* Aim of the exercise
Starting at the line that contains "Lac SERENE avec", transcribe each line exactly through the end of the data below, and skip any pictures.

* Provided material
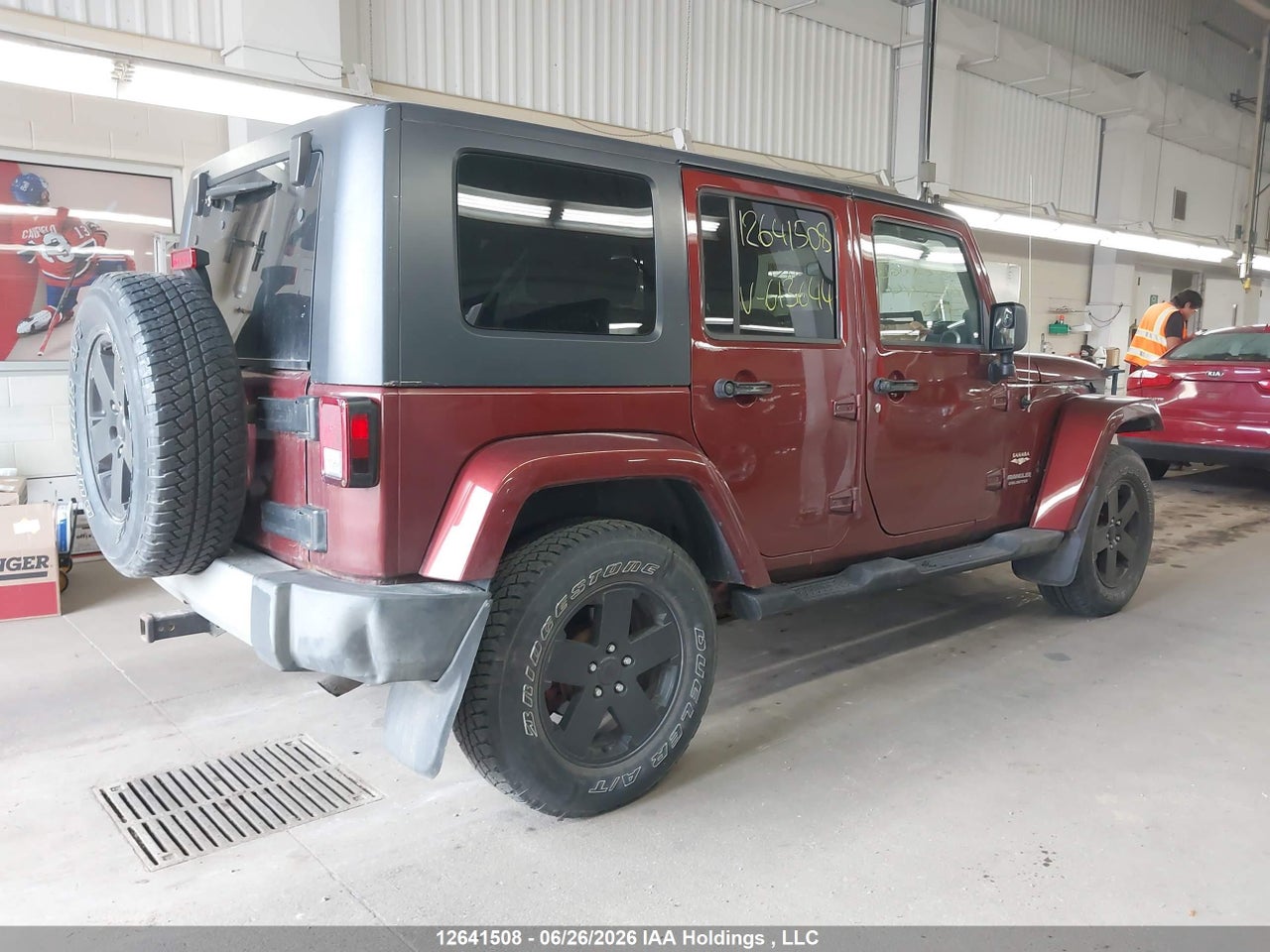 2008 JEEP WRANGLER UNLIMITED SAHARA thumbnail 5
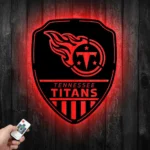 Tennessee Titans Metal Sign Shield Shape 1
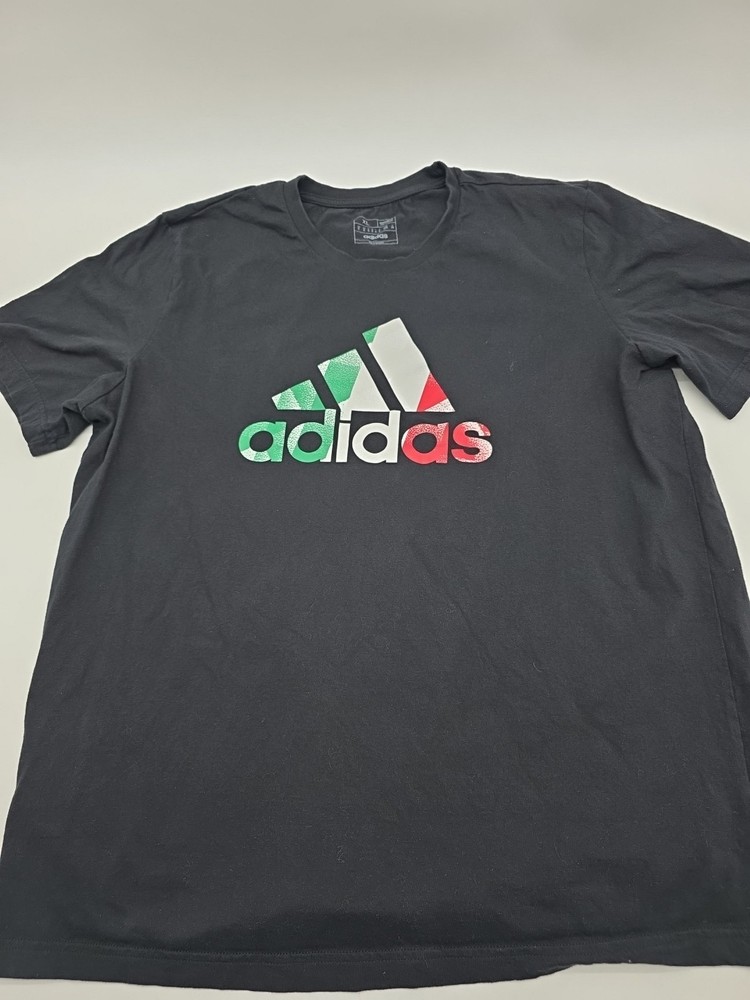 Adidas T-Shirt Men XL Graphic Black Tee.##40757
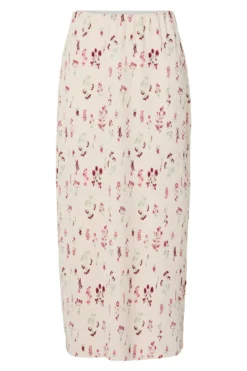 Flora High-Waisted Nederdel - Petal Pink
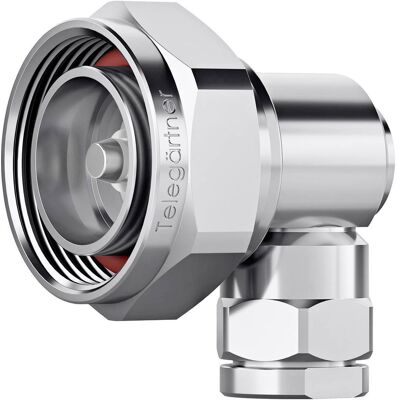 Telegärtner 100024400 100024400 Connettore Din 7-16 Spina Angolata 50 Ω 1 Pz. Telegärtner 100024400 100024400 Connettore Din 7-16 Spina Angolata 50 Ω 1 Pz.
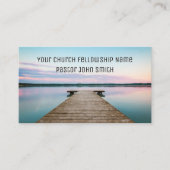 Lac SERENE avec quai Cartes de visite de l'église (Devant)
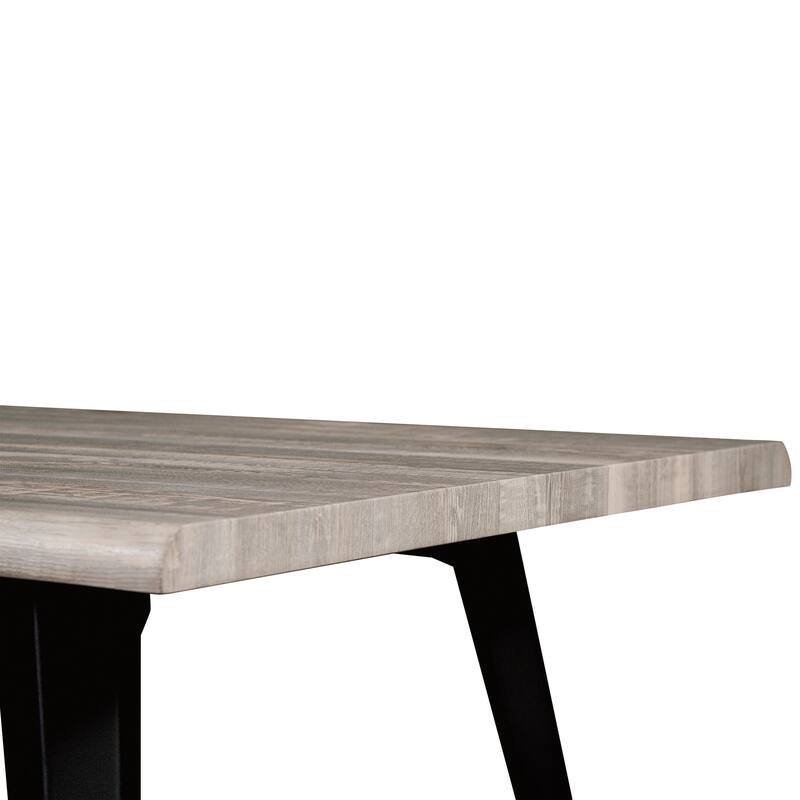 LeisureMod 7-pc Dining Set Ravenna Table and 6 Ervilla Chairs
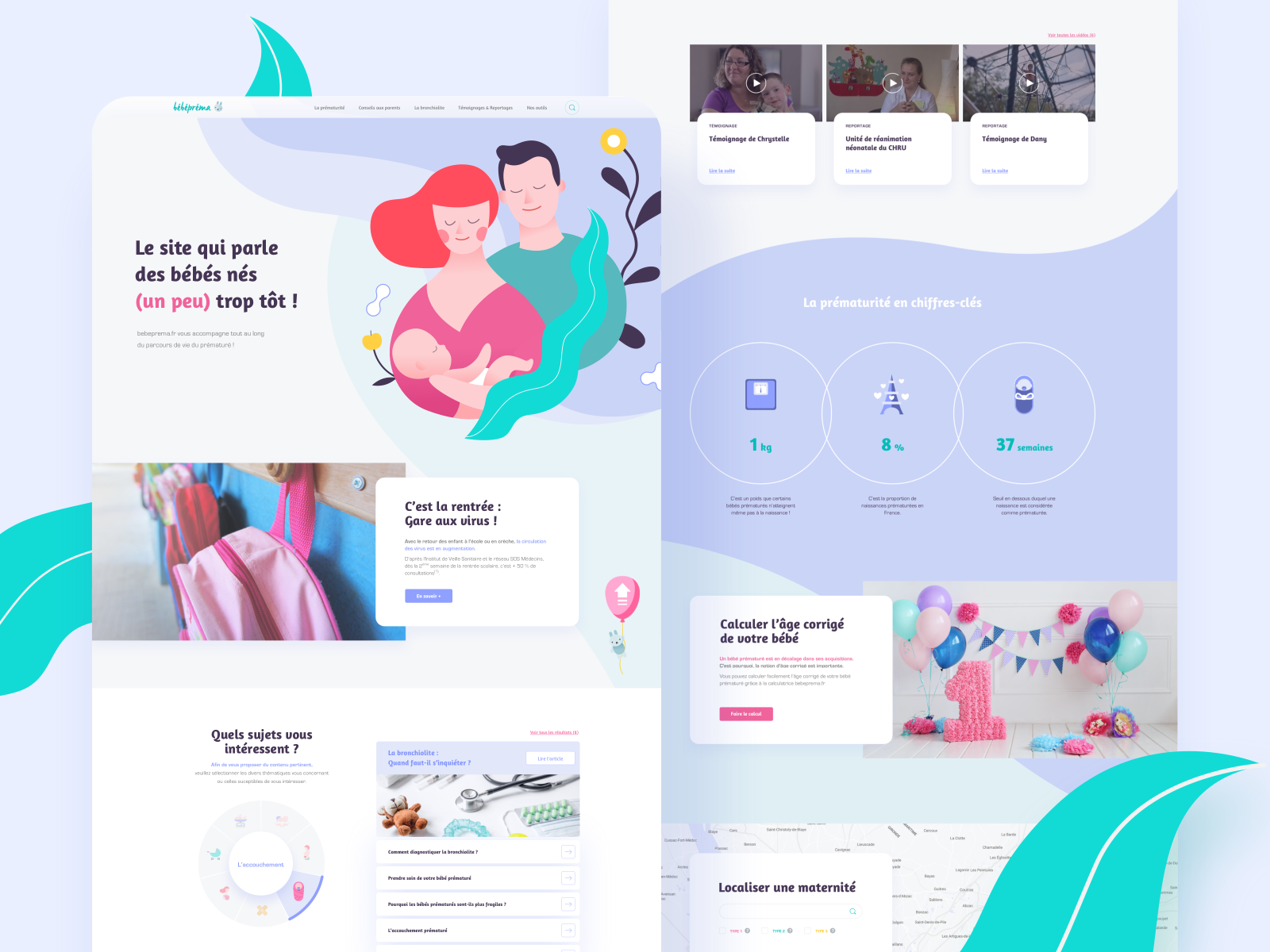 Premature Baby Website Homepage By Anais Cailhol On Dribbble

* Solution to this task
 Lac SERENE avec quai Cartes de visite de l'église (Devant)
 LeisureMod 7-pc Dining Set Ravenna Table and 6 Ervilla Chairs
 Premature Baby Website Homepage By Anais Cailhol On Dribbble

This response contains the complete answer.